Using the Performance Insights for Splunk app: Installation and diagnostic process
Installation
PerfInsights is available on Splunkbase. To install PerfInsights, access your Splunk platform UI as an administrator and select Apps > Find More Apps. Select Generic, Utilities and search for “Performance Insights”. Locate the application and install it.
After installation, you will need to wait for the application to be replicated to the search heads before it is fully functional. You might see search errors if you try to use it too soon. If this happens, wait a few minutes and try again.
Diagnostic process
PerfInsights is typically used with either a reactive approach or a proactive approach to diagnose performance issues.
- Reactive diagnosis occurs when a problem has already appeared, and the goal is to discover its cause. In these cases, the system's actual behavior, from a user’s perspective, has deviated from expected behavior. An example might be searches reporting warnings that some data is missing.
- Proactive diagnosis involves using PerfInsights to examine system metrics and identify trends that could lead to future issues. For example, increasing search times could lead to increased search concurrency and, eventually, skipped searches.
Reactive diagnosis
To conduct a reactive diagnosis:
- Focus the tool's dashboards around the point in time when the issue first appeared.
- Observe what was happening in the system at that time to see what might have caused the unexpected behavior. Look for:
- High or saturated resources (for example, CPU, memory, network I/O, disk I/O).
- High or saturated queues (for example, search or indexing queues, replication queues).
- Plateaus (for example, search or indexing throughput).
- Sudden spikes (for example, search concurrency, error rates).
- Anything that looks unusual.
- Separate cause and effect. Adjust the time range to determine the order of abnormal events.
- Investigate abnormal events starting from the earliest.
- For each abnormal event, determine if it is a contributing cause, a symptom, or an unrelated event. This often requires additional searches or tools beyond PerfInsights.
Proactive diagnosis
To conduct a proactive diagnosis:
- Start with a large time range, ending at the current time (for example, past 7 days to now).
- Look for charts that are trending upwards (for example, CPU, memory, search times, queue lengths).
- Look for spikes in charts that last longer or become more frequent (for example, search concurrency, bundle replication).
- Repeat with smaller time ranges (for example, past 1 day or 1 hour). While long time ranges can show trends, they can also hide granular data. Spikes that might be aggregated away over a week might become visible over an hour.
- For each potentially problematic behavior observed, try to understand the cause. For example, if search times are increasing, you might also find that your data ingestion rate has been increasing. Whether this becomes an issue depends on the system's current state and any further increases in data ingestion rates.
- Proactive diagnosis is subject to the observer effect, where the act of observing the system affects its behavior.
- Be cautious when observing unstable systems, as the extra search load could further destabilize the system.

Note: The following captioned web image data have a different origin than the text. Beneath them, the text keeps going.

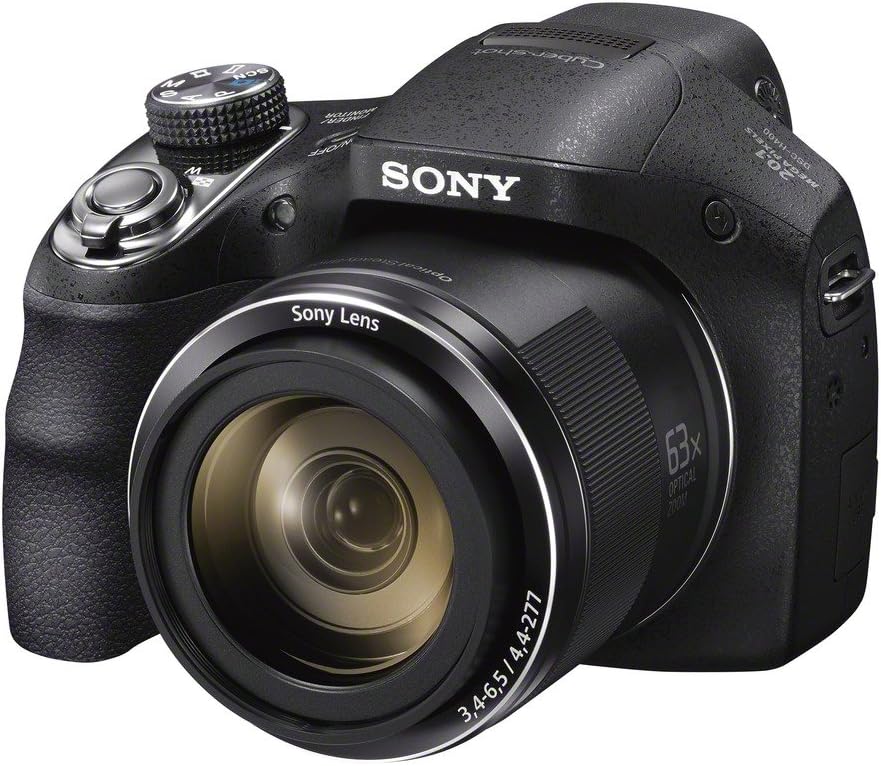Sony DSC H400 Appareil photo bridge noir 20,1 MP - Zoom optique 63x - Distance focale jusqu à 1550 mm - Stabilisation avec mesure matricielle centrale et spot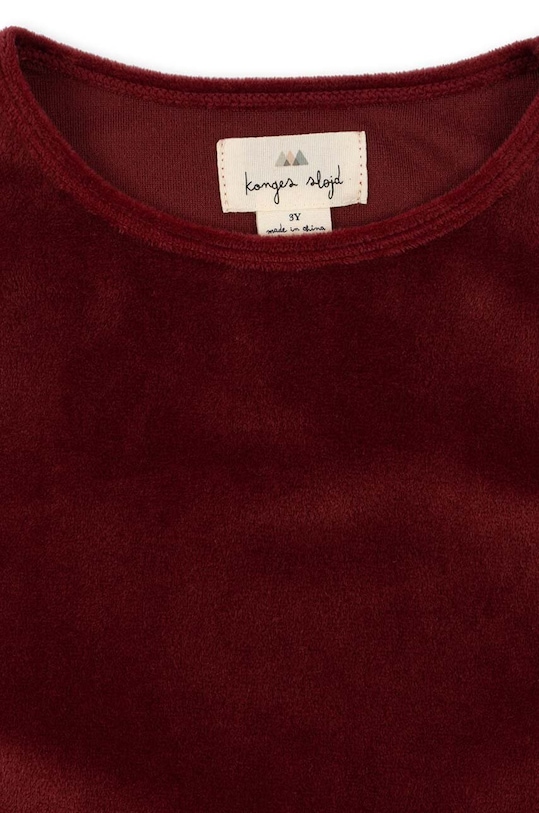 Konges Sløjd sukienka dziecięca bordowy KS6419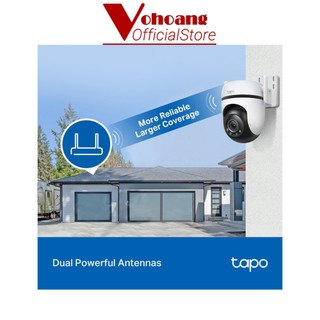 Camera TP-Link Tapo C520WS 4K 360 Ngoài Trời, Nhìn Đêm Có Màu, AI Thông Minh, Phát Hiện Chuyển Động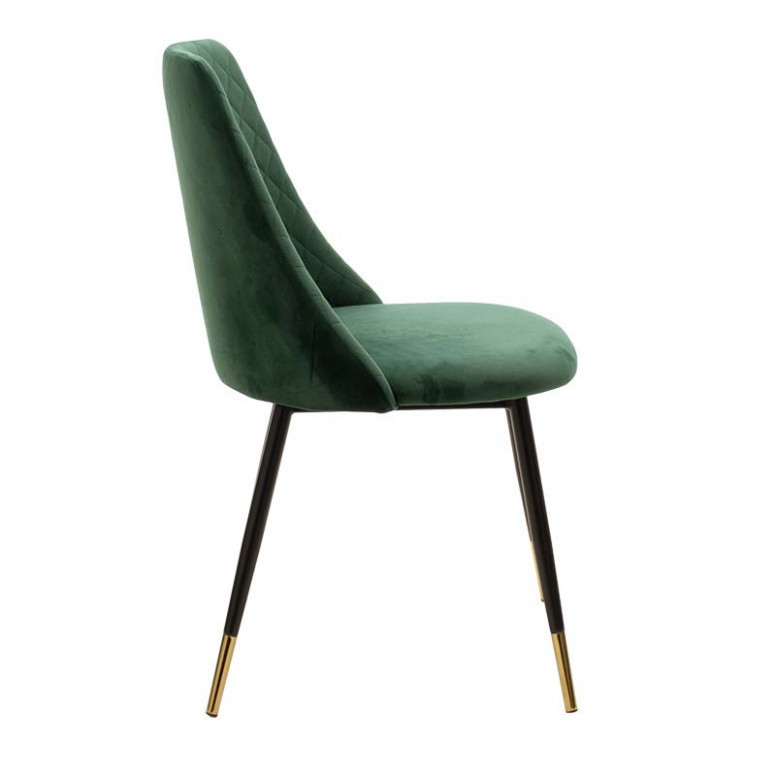 Scaun Model Giselle, Verde/Negru, 51x52x82 cm - 3 | YEO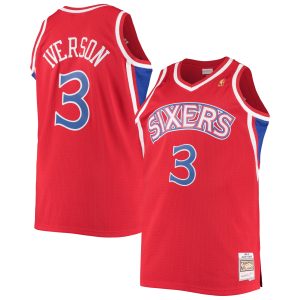 Mitchell & Ness Allen Iverson Philadelphia 76ers Red 1996/97 Big & Tall Hardwood Classics Outstanding Swingman Jersey Celebrate your team! Order this commemorative jersey.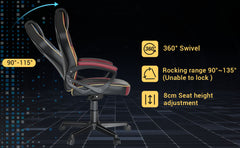 HapGIFT Computer Chair, Racing Style Gaming Chair with Link Armrest, Ergonomic PC Office Chairs for Adults Teens, Height Adju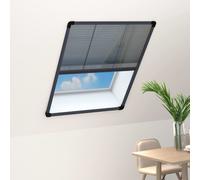 vidaXL Mosquitera plisada de ventanas aluminio gris antracita 60x80cm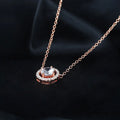 Women's Stylish Round Zircon Pendant Clavicle Chain - Norellé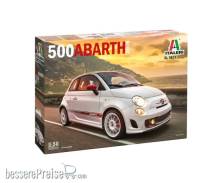 Italeri 510003674 - 1:24 Fiat 500 Abarth (2008)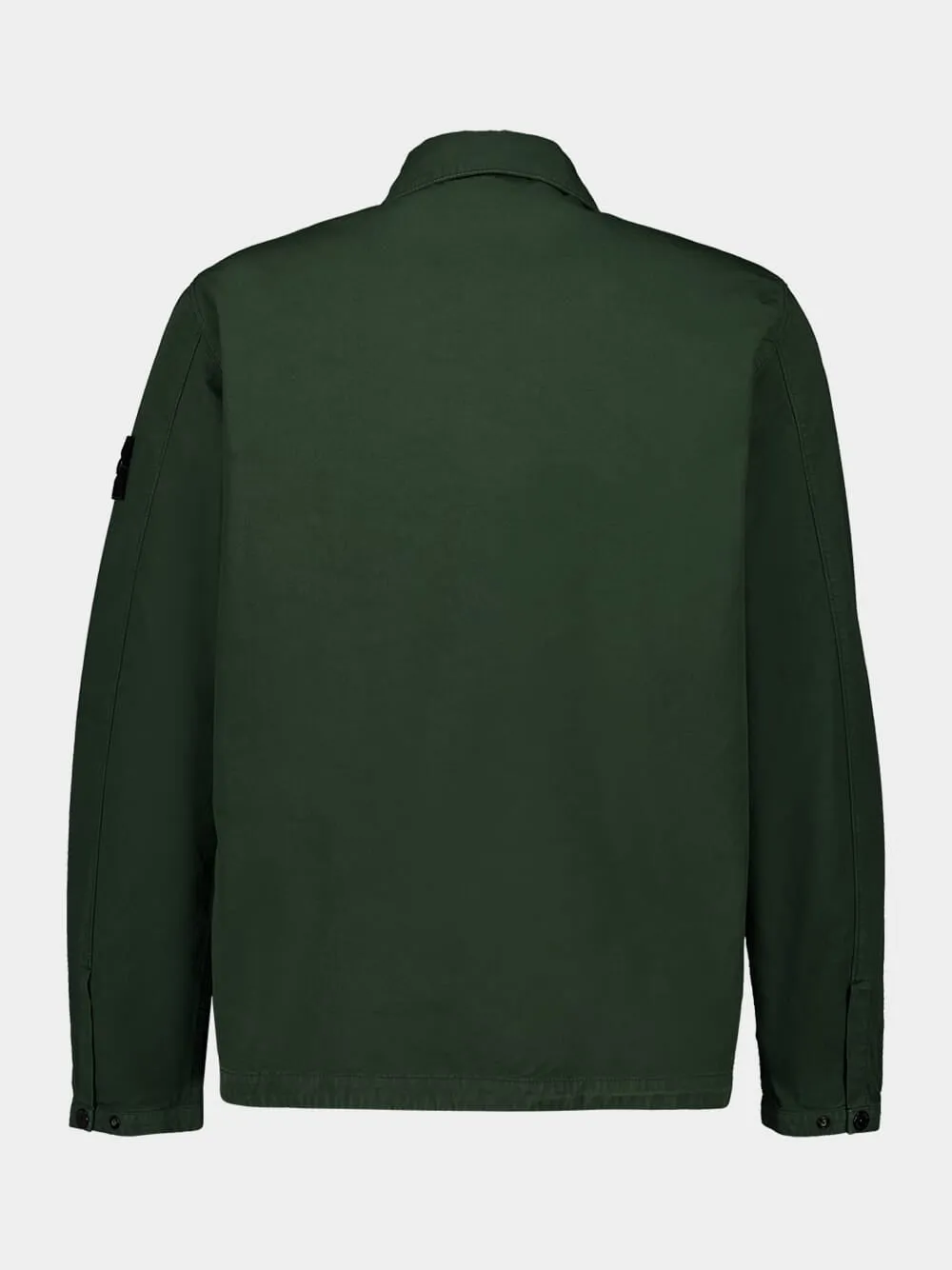 Juniper Green Canvas Cotton Overshirt sold by Fashion Clinic product image thumbnail 2
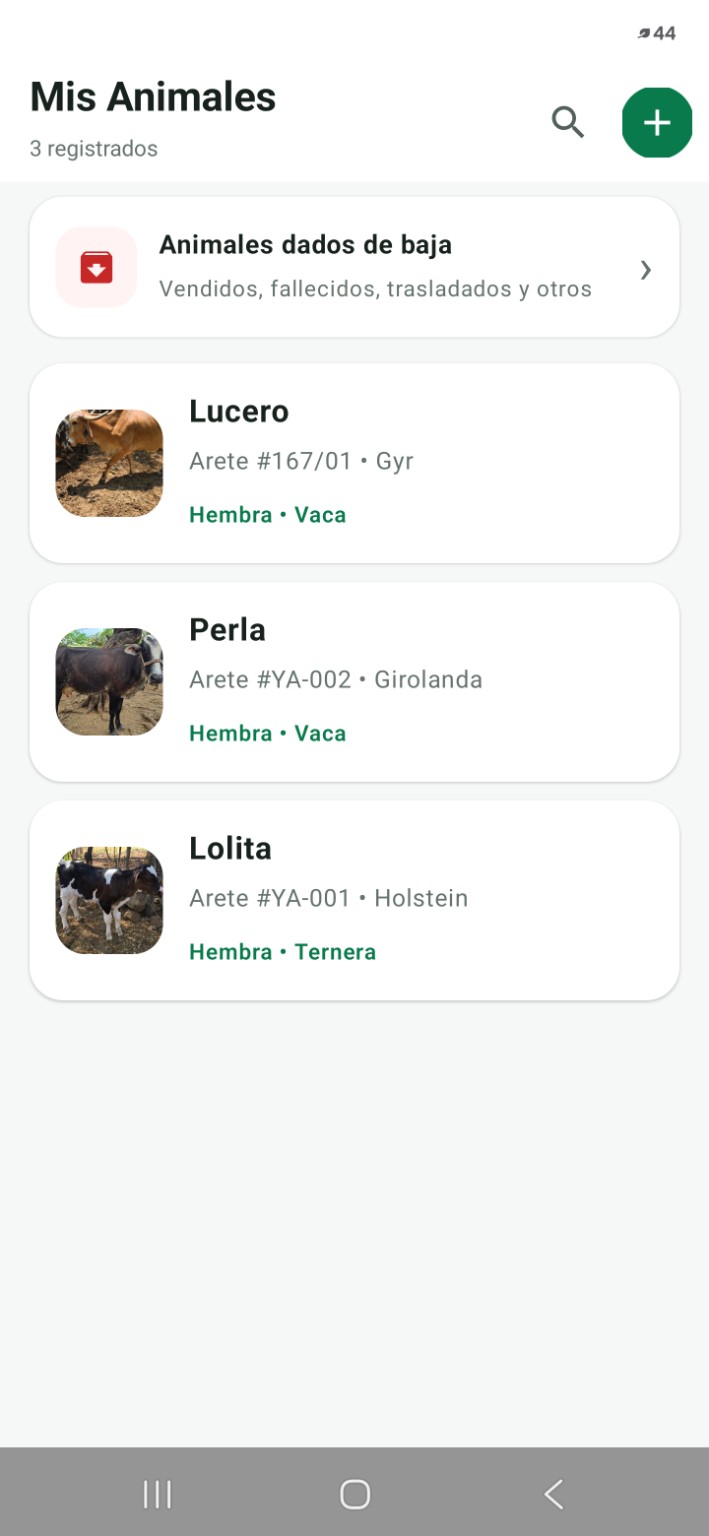 Inventario de animales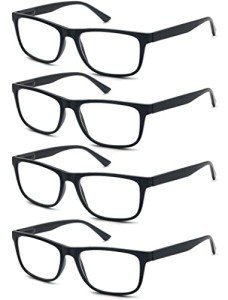 Large Oversized Black Reading Glasses for Men 4 Pk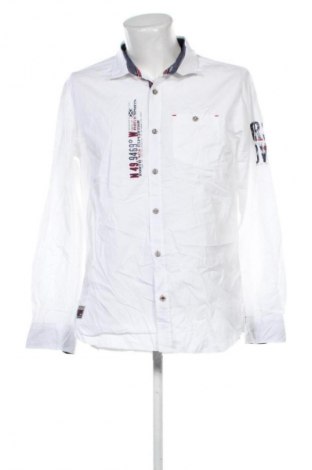 Herrenhemd Jean Pascale, Größe L, Farbe Weiß, Preis € 20,99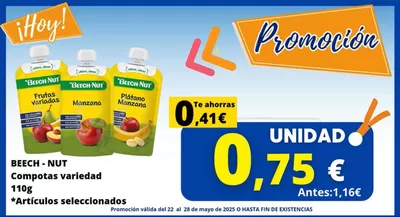 Catálogo Cash Jesuman en Arona | Beech Nut compotas variedad 110g solo por 0,75€  | 23/5/2025 - 28/5/2025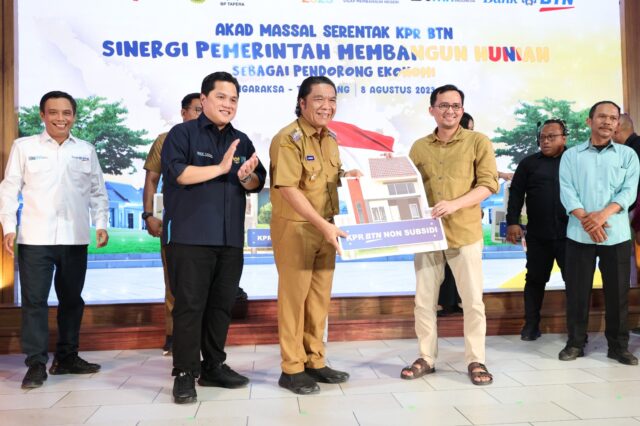Hadiri Akad Massal KPR BTN, Pj Gubernur Banten Dorong Generasi Muda Berpendapatan Miliki Rumah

- When reading PerfInsights charts and tables, consider the additional search load the tool is adding.
Deeper dives
PerfInsights aims to be a single application that helps identify all potential performance issues and provides as much detail as possible to resolve them. However, in some cases, PerfInsights might not provide sufficient information to complete the performance analysis. When this occurs, use PerfInsights as a starting point for further investigation.
Expand existing charts
Sometimes existing charts are close to what you need but require some adjustments. Using the magnifying glass link on a chart opens the search in a new window, allowing for customization. All dashboards are editable, so if you find yourself making these customizations frequently, you can modify the search directly in the dashboard or add a new chart. Be aware that reinstalling the application will overwrite your changes. If your change could benefit others, consider sending a message to the support team with the suggestion.
Add system data to indexes
By default, not all OS-level logging is available in indexes. This information can be very useful when investigating performance issues. On Splunk Cloud Platform deployments, consider adding local forwarders on your servers configured to read system logs and index them.
Forming and testing hypotheses
Performance issues are often complex and multifaceted. Determining root causes can be tricky, and even sound and logical reasoning can lead to incorrect conclusions if not all data is considered. Resolving issues can be an iterative process.
After you’ve observed the situation and developed a reasonable explanation for the behavior, it’s time to test that hypothesis. Even if you started with a reactive diagnosis, you will iterate through proactive diagnoses here.
For each iteration:
- Start by identifying a minimal set of changes that could correct the issue.
- Use Splunk Help, Splunk Support, or the Splunk Community to help you identify appropriate changes.
- Change only one thing at a time, if possible.
- Using the same charts that helped you build your hypothesis, verify a positive change over similar time periods that exposed the issue.